The part in the flow where you select between allowing app installs for 7 days or forever is a glimpse into the future. That toggle shows the thought process that's going on at Google.
I can bet that a few versions down the line, the "Not recommended" option of allowing installs indefinitely will become so not recommended that they'll remove it outright. Then shrink the 7 day window to 3 days or less. Or only give users one allowed attempt at installing an app, after which it's another 24 hour waiting period for you. Then ask the user to verify themselves as a developer if they want to install whatever they want. Whatever helps them turn people away from alternatives and shrink the odds of someone dislodging their monopoly, they will do. Anything to drive people to Google Play only.
Do you think regular desktop computer should be locked down like this too? Scammers can also tell people to run Windows programs. Should that be banned too?
I'm fine with an opt-in lock-down feature so people can do it for their parents/grandparents/children.
Also, just let people get used to it. People will get burned, then tell their friends and they will then know not to simply follow what a stranger guides them to do over the phone. Maybe they will actually have second thoughts about what personal data they enter on their phone and when and where and who it may be sent to.
Same as with emails telling you to buy gift cards at the gas station. Should the clerk tell people to come back tomorrow if they want to buy a gift card, just in case they are being "guided" by a Nigerian prince scammer?
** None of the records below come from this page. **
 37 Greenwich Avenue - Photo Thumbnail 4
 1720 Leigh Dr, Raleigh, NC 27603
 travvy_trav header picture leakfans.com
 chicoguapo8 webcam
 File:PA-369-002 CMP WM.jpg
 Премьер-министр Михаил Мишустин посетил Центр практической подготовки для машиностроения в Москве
Maybe? Let people form CAs, and if a CA gives out certs for malicious apps remove them. (Old apps continue to work, to publish new one get new cert.)
Yes, sad, but works.
People will learn about scams, but scammers are unfortunately a few steps ahead. (Lots of scammers, good techniques spread faster among them than among the general public.)
If "they" is Google, this is just a really pointless middleman proposal. Android does all the cert stuff.
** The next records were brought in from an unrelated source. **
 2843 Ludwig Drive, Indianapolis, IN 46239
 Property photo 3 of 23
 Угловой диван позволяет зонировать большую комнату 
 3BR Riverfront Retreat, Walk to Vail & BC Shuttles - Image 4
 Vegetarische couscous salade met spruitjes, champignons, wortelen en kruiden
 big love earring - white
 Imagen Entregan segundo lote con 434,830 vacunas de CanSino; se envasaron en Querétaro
Also Chrome trusts like 300 CAs. Does that work? Probably not if you live in 200 of those countries.
Keep in mind that Android has like a billion users who have never touched a Windows computer. (And unmanaged Windows was/is also a disaster zone.) Coming at this from a internet forum perspective is missing the scope of the problem.
> I'm fine with an opt-in lock-down feature
Me too, but it's really just some UI semantics whether this is 'opt-in' or 'opt-out'. Essentially it would be an option to set up the phone in "developer mode".
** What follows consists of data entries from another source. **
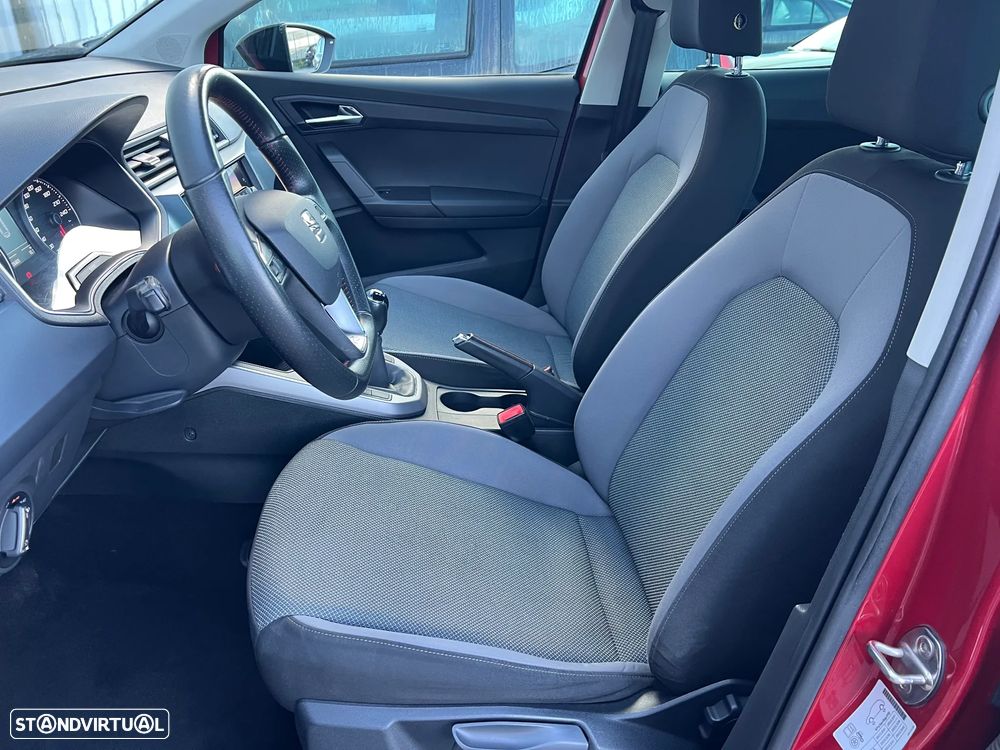 SEAT Arona 1.0 TGI FR - 10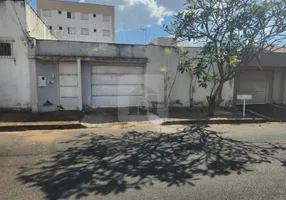 Foto 1 de Casa com 3 Quartos à venda, 136m² em Tubalina, Uberlândia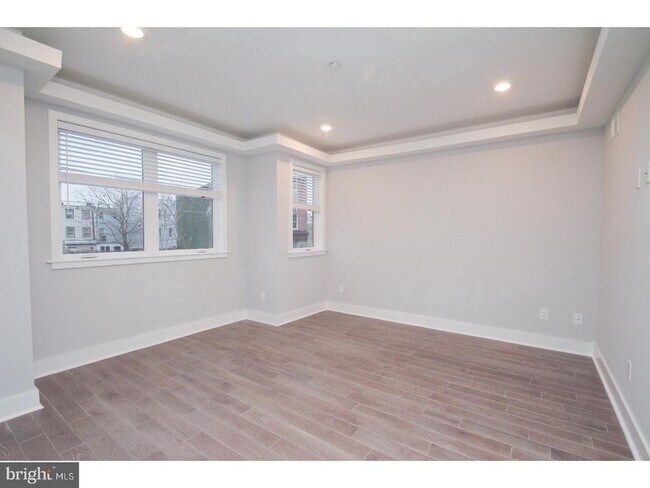 Building Photo - 2564 Frankford Ave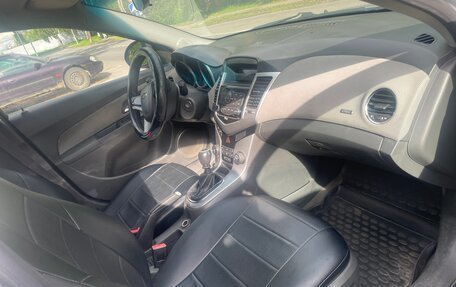 Chevrolet Cruze II, 2009 год, 470 000 рублей, 4 фотография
Yeah, I predict that "developer mode" will eventually be a setup option in the trust store, so you'd have reset the phone to get to it.
With billions of Android users, there's only millions of people who need or really want this. So like 1%. My point is stop thinking about your mom's windows box and consider the scale.
Keep in mind that Android is super popular everywhere democracy isn't.
I'm just spitballing something which would be completely trivial for any 'techie' (and wouldn't require jumping through 24 hr hoops), while improving the situation for the other 99%. Or Android becomes iOS and some minority of techies use some weirdo linux phone, whatever.
The scams are more sophisticated than getting gift cards to pay the IRS. A number saying that it’s from the bank will say they need to verify some account information.
I have had to actually verify my “investment profile” with a major broker in order to unfreeze some trades, in a high friction process. To the extent that a sideloaded app that looks exactly like the bank app has a low friction install, then people can get fooled and irrevocably lose savings.
If the lock-down is opt-in, almost nobody will opt in to it. If the lockdown is opt-out, then whether scams still happen depends on how much friction there is in opting out.
Freedom to install other unsigned sandboxed apps has a solution: Banks could use passkeys and other non-phishable methods. Sideloaded apps in Android can’t get to the bank app’s passkey.
Passkeys or hardware tokens get worries about the enshittification of the theoretical recovery process. Which, if that’s the case, I guess we should hope for/pay a better world, at least with banks and brokers. For them specifically, for account recovery allow either showing up in person or using ID checks.
Both for personal accounts and business accounts (i.e. with Business Email Compromise), I believe the onus should be on the bank to use non-phishable methods to show the human-readable payee from their app for irrevocable transfers.